= Your instructions =
Would you please transcribe the data in full and exactly, excluding images?

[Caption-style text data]

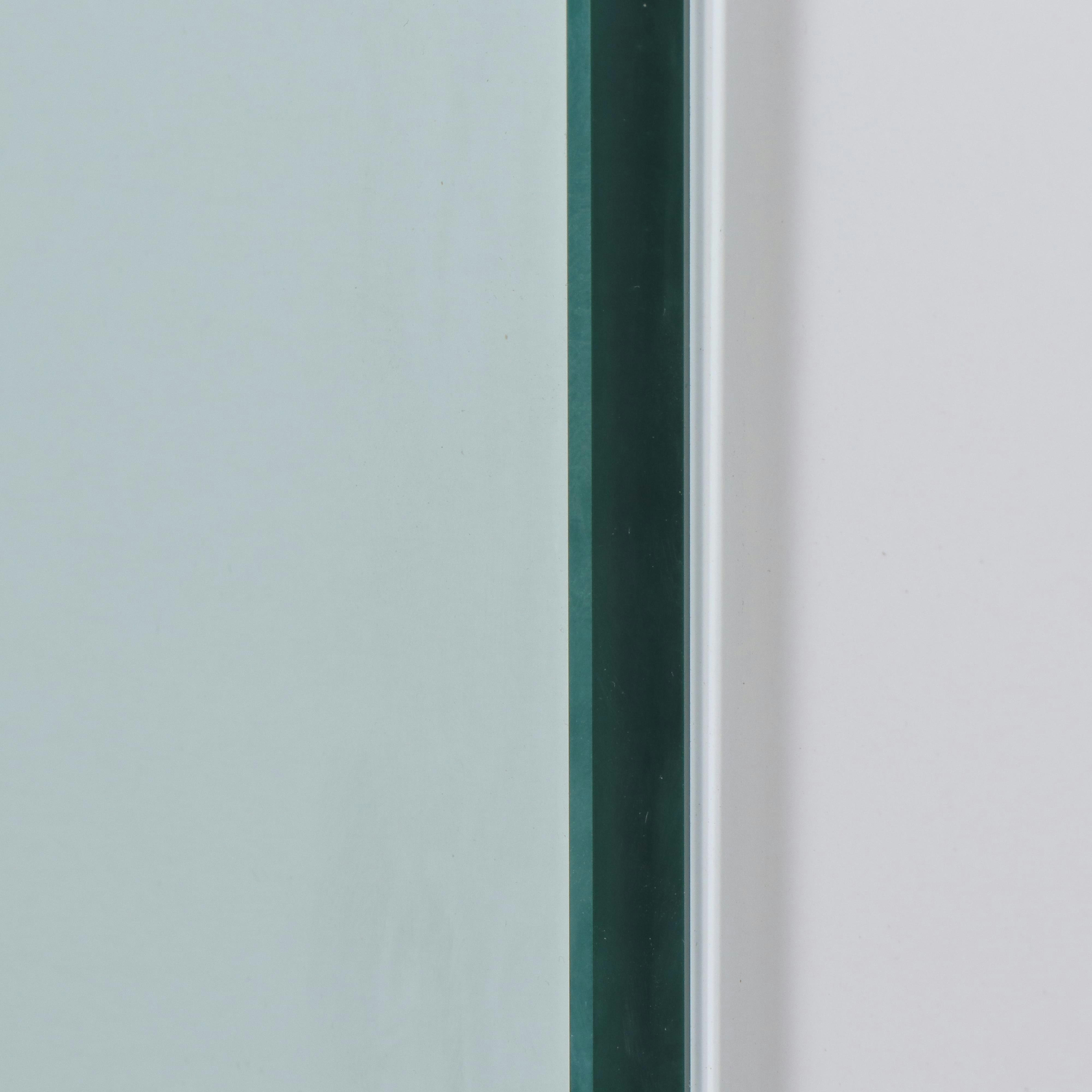 Glass Warehouse GW-D-25-5 Pivot/Hinged Frameless Shower Door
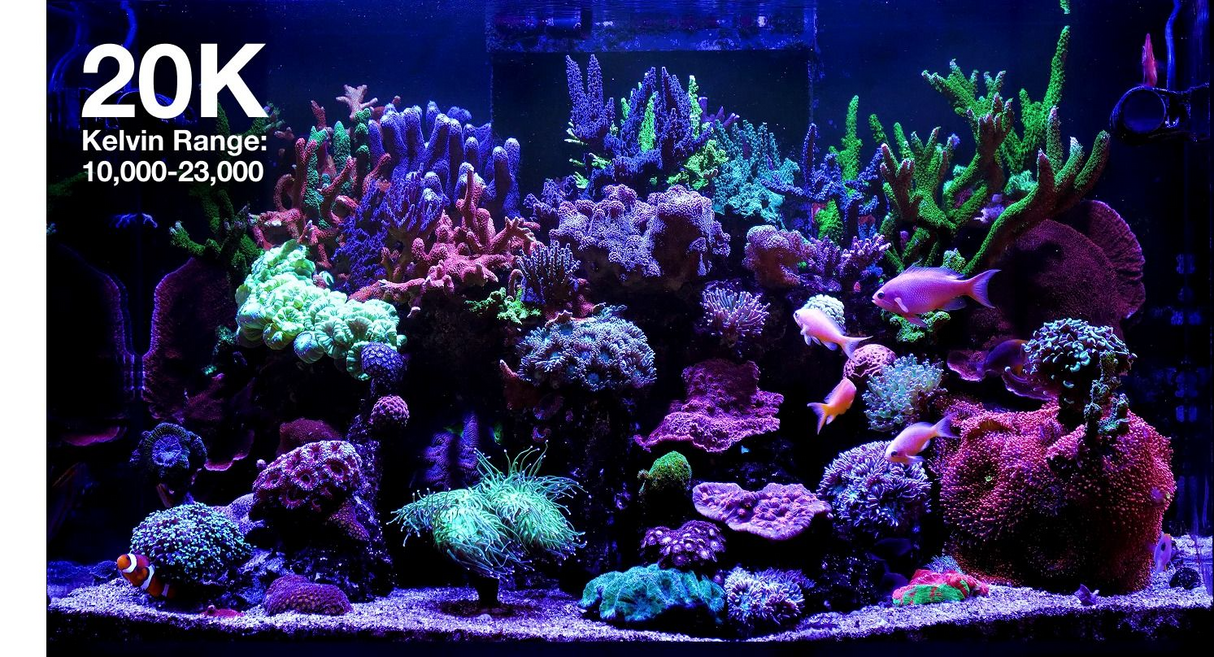Red Sea ReefLED G2 115 – Powerful LED Lighting for Corals & Aquariums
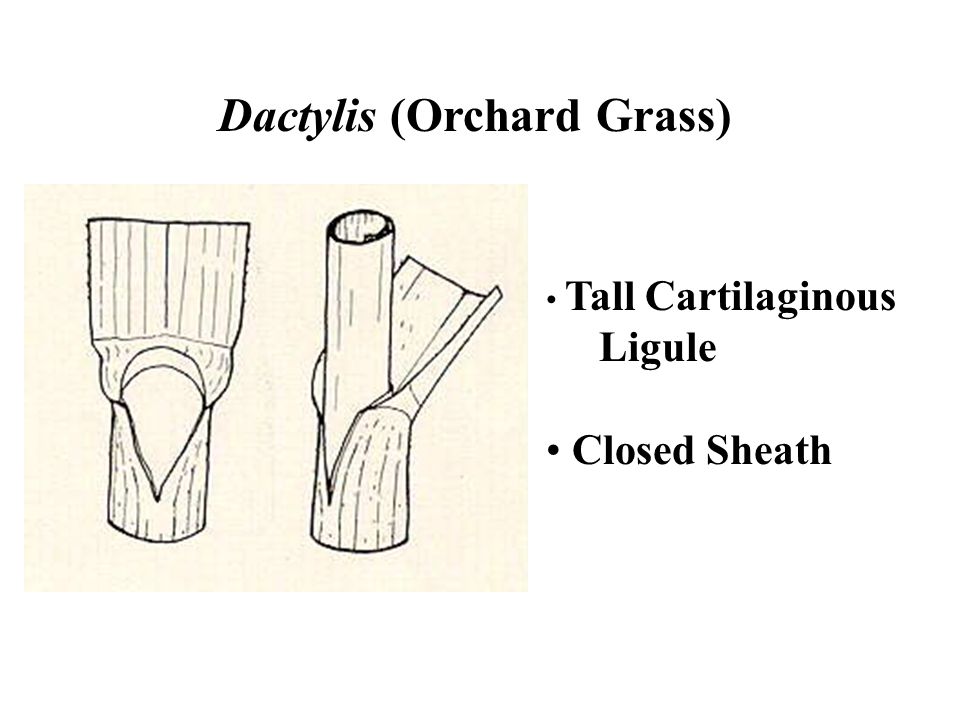 Dactylis (Orchard Grass)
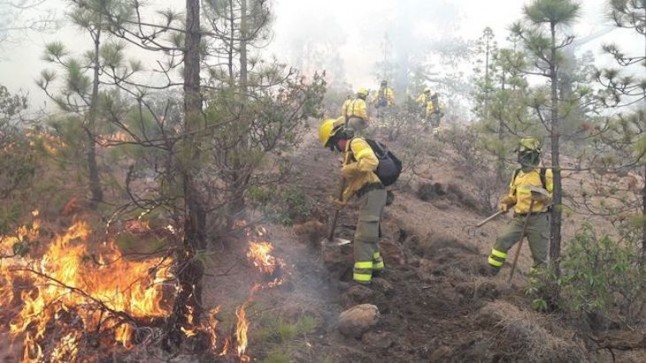 El Síndic del País Valencià pide a las administraciones información sobre los planes locales de prevención de incendios forestal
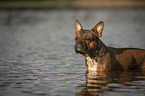 Franzsische Bulldogge im Wasser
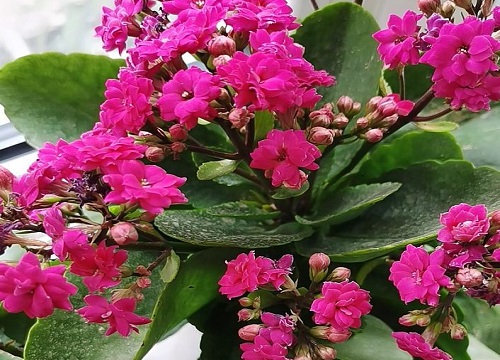 长寿花好养活吗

= Response to this exercise =
 Glass Warehouse GW-D-25-5 Pivot/Hinged Frameless Shower Door
Red Sea ReefLED G2 115 – Powerful LED Lighting for Corals & Aquariums
 Dactylis (Orchard Grass)
 El Síndic del País Valencià pide a las administraciones información sobre los planes locales de prevención de incendios forestal
 Franzsische Bulldogge im Wasser
 长寿花好养活吗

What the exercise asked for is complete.